A few weeks ago, in a discussion with Troy Wiggins, co-editor of Fiyah Magazine of Black Speculative Fiction, he used a phrase, that until that moment, I had never heard or used. It is something that I have always done as an editor who is hungry for stories that are more than the status quo.
For our purposes, it means searching for stories in unconventional places, such as crit groups, or by simply asking talented folks to write them. It means finding a story in the slush pile that is memorable, brave or daring, but may otherwise need a little help becoming publication ready. It means being willing, as an editor, to take the time to work with that author to bring an otherwise excellent story to light. It means being just as creative as we expect our writers to be.
This isn’t some novel method of editing. This is what editors do all the time. But when we’re dealing with a different demographic, whose style of storytelling and flair with language may sound and feel different or be intimidating, it’s easier to simply reject and move on to the more conventionally familiar styles and cadences. And familiar authors.

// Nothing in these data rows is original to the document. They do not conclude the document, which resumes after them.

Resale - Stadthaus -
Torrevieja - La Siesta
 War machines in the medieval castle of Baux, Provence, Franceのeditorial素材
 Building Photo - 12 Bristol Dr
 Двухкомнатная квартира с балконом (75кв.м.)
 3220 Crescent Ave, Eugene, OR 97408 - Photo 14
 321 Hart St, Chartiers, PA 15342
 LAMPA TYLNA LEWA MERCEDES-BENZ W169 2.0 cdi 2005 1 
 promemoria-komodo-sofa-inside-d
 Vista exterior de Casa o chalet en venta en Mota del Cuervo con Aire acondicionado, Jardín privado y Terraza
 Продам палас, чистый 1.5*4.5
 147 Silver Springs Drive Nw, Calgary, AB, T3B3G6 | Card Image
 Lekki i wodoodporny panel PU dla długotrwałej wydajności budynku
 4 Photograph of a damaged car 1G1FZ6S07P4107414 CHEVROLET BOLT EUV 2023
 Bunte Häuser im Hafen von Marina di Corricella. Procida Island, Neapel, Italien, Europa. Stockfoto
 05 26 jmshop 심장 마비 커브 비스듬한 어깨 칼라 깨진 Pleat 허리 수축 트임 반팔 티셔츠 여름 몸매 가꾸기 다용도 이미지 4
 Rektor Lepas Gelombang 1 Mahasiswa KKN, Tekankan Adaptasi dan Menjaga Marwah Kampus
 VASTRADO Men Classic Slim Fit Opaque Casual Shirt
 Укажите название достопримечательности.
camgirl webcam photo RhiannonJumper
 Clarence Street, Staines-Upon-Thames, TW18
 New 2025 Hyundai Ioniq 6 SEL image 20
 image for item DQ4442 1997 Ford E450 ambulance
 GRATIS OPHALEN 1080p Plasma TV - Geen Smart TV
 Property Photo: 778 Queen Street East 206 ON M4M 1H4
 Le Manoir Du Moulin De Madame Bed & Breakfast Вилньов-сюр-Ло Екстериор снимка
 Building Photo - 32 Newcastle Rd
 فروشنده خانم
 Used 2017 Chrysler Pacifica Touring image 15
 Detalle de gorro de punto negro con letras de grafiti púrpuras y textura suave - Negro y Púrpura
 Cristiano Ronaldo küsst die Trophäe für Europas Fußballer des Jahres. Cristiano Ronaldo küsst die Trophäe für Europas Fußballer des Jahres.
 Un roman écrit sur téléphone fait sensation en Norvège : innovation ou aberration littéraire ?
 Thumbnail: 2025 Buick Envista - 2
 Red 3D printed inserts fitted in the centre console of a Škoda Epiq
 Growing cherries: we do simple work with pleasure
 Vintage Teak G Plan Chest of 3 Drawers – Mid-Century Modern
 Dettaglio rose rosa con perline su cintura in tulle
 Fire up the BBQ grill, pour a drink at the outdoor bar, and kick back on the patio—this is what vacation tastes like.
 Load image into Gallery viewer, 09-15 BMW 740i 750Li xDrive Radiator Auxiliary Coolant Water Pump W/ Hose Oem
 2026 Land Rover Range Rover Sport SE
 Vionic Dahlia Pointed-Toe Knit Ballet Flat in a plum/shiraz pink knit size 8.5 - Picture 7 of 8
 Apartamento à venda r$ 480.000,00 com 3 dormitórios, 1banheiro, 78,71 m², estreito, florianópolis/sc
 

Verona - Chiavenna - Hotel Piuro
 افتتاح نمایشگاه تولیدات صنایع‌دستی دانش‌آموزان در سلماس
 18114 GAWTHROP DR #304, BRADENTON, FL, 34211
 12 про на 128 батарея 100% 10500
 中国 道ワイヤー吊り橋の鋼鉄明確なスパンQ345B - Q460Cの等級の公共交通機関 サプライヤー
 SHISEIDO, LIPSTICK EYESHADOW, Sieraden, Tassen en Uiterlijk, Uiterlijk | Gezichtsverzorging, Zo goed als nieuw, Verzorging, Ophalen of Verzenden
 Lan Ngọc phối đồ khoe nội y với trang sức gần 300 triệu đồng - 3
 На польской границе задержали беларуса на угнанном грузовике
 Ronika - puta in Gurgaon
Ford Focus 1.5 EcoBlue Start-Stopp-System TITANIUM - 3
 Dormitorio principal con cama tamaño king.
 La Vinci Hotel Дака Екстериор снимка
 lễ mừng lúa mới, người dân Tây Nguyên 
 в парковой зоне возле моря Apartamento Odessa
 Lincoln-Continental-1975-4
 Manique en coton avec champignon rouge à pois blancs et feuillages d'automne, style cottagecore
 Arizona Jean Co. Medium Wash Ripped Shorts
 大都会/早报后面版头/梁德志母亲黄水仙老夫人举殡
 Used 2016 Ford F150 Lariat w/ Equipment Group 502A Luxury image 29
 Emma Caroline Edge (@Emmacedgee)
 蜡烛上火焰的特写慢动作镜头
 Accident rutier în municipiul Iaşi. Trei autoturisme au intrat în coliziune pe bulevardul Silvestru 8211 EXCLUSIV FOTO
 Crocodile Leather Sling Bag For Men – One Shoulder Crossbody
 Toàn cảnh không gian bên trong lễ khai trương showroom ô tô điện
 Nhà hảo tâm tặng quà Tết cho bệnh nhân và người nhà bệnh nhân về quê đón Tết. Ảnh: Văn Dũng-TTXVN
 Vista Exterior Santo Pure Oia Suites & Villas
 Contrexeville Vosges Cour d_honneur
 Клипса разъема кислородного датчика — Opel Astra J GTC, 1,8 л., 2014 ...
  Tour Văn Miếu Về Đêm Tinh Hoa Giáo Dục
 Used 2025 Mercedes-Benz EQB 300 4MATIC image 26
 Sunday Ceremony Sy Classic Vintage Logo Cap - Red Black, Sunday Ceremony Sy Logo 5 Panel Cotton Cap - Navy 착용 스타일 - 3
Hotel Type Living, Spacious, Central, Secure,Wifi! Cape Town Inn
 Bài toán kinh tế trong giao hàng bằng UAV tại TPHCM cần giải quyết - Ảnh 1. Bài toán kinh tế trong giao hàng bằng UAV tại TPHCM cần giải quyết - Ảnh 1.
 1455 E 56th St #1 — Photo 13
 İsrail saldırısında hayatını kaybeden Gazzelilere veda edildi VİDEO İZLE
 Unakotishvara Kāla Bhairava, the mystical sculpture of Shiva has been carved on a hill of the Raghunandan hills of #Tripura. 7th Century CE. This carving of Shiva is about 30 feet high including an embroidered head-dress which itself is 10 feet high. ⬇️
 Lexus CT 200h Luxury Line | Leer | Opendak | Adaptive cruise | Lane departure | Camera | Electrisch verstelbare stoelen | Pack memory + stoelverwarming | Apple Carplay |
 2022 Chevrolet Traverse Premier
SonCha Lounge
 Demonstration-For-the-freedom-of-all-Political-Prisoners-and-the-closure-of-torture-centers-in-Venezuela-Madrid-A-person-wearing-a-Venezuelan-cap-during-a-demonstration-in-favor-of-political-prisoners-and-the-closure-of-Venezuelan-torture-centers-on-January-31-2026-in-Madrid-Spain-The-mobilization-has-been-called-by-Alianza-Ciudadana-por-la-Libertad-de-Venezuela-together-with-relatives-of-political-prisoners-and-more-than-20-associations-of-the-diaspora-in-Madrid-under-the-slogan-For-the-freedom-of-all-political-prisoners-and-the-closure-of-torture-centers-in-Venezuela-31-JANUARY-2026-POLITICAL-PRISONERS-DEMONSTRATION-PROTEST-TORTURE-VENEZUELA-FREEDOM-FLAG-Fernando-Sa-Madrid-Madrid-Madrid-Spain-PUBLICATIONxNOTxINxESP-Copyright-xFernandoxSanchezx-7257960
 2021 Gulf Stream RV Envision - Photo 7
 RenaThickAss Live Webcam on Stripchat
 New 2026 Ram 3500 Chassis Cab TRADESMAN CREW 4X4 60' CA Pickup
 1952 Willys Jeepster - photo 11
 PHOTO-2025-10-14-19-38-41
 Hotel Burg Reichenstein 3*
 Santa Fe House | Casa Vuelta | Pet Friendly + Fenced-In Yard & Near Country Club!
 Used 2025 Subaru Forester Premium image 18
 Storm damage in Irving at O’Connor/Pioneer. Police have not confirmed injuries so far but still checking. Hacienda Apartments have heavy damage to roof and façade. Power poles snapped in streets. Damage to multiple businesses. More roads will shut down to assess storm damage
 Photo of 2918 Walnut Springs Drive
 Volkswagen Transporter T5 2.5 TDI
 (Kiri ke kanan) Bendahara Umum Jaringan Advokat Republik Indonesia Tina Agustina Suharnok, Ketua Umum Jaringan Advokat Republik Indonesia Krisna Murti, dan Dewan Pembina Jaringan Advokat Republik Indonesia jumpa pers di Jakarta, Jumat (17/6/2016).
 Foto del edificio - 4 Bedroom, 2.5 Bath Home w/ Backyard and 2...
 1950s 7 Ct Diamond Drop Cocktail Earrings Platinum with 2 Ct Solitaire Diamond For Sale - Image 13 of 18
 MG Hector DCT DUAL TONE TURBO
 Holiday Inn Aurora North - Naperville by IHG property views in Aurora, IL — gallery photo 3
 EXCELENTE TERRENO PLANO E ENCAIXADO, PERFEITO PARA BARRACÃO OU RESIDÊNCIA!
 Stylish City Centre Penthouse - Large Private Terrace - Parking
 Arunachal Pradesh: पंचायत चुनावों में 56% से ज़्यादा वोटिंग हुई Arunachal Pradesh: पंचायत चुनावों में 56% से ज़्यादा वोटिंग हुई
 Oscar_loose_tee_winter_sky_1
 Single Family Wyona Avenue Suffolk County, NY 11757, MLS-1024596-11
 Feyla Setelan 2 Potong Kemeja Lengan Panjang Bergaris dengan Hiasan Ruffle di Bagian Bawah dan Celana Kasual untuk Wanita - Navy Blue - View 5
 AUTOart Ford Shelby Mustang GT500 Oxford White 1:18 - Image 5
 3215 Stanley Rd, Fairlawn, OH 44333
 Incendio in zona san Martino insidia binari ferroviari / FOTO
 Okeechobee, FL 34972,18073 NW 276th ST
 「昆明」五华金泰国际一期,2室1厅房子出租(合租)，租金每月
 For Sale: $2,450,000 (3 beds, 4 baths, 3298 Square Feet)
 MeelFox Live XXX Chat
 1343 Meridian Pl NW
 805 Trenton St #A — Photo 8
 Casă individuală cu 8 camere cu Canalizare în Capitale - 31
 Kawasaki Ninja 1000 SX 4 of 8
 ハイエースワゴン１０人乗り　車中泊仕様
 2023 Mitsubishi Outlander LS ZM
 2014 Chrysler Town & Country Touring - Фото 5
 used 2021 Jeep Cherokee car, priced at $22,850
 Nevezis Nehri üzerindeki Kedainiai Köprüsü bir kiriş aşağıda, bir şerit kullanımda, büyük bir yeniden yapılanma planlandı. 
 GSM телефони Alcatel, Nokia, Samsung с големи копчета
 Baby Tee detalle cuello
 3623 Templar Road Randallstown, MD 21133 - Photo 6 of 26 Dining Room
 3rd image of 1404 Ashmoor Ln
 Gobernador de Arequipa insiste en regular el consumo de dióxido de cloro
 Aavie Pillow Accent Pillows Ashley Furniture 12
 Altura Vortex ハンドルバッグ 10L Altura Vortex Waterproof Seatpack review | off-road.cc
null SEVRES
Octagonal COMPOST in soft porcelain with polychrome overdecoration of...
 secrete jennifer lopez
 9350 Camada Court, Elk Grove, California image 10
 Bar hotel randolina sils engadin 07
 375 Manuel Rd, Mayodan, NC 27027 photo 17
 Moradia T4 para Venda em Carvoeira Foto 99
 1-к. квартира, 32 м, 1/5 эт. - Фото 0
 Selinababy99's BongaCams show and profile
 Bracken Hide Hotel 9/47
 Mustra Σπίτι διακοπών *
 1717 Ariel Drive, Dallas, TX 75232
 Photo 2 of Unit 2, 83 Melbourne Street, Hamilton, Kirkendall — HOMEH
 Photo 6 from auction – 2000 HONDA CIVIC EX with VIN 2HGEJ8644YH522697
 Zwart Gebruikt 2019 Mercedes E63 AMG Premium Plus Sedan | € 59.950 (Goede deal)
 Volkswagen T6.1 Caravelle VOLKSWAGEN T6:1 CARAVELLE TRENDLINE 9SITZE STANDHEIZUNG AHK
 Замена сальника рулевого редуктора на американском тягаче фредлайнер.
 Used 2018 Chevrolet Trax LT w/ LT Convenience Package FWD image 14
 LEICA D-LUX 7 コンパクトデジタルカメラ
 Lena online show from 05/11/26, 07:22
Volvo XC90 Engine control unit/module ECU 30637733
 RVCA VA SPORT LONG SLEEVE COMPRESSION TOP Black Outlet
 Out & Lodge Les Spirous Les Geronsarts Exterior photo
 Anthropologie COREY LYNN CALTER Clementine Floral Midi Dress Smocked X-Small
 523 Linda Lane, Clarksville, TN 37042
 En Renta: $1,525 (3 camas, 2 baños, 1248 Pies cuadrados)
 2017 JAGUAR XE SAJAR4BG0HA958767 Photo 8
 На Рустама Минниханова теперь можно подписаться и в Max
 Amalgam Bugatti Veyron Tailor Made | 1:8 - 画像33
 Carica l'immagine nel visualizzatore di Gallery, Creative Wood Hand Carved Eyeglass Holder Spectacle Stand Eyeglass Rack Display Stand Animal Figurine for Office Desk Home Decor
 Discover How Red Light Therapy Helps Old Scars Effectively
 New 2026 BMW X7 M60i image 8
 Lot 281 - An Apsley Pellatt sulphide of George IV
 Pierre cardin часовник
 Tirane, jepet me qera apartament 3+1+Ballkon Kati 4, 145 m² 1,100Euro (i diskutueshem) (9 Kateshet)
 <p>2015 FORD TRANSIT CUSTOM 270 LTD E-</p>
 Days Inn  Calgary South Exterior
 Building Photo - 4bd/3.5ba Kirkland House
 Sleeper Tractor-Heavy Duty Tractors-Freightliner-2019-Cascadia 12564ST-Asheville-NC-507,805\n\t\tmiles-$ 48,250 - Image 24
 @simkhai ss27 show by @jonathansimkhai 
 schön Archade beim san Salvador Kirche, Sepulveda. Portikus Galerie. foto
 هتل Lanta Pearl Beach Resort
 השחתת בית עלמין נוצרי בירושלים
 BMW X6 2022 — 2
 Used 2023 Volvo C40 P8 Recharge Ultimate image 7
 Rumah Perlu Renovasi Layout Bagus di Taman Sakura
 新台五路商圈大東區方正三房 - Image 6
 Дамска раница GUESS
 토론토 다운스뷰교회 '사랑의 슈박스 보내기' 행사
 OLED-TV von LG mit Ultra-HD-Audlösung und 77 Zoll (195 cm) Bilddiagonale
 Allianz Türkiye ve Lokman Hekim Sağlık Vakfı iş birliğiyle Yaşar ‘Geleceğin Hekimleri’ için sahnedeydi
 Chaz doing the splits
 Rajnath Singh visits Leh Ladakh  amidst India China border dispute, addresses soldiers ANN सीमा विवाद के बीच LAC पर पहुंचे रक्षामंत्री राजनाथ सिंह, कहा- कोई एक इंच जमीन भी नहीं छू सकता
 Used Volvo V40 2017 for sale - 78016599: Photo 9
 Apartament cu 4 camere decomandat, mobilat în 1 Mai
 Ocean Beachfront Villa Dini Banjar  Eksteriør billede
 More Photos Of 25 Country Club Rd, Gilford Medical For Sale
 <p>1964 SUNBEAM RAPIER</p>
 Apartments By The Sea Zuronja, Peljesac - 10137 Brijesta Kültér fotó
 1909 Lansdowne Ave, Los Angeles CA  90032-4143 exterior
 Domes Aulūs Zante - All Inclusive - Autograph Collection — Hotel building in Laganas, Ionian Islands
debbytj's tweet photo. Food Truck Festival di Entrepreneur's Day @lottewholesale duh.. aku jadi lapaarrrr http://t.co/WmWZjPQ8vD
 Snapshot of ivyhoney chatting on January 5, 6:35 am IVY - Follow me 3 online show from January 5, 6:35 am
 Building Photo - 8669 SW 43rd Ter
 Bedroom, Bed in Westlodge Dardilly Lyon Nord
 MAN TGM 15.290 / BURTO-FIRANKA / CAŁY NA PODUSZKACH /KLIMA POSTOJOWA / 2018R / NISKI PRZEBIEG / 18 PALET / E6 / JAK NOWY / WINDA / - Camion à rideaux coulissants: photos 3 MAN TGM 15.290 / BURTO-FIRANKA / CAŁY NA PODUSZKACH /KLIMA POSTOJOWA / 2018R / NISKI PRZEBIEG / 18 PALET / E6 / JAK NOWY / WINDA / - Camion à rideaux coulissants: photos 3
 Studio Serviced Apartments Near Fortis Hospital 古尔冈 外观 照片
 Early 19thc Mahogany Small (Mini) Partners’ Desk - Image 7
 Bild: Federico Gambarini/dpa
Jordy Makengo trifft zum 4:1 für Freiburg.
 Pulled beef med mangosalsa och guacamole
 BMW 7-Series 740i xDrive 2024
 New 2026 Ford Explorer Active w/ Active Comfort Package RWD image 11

That would also be boring, wouldn’t it?
Worse than boring, it would be frightening, because if art truly is a reflection of the society we live in, and all we can manage to do is recycle the same names and rehash the same tired plots, then perhaps we writer folk and artists aren’t as enlightened as we like to think we are.
What’s next for PodCastle? Using cogent and unequivocal language, we will continue to use social media and our website to encourage submissions from marginalized authors. Diverse first readers are better able to curate diversity in our slush pile. To that end, we will continue to bring aboard associate editors who reflect the society in which we live. And we’ll look forward to seeing how we rate on the next #BlackSpecFic report.
PodCastle will challenge the status quo by continuing to intentionally edit, because we find dry toast boring.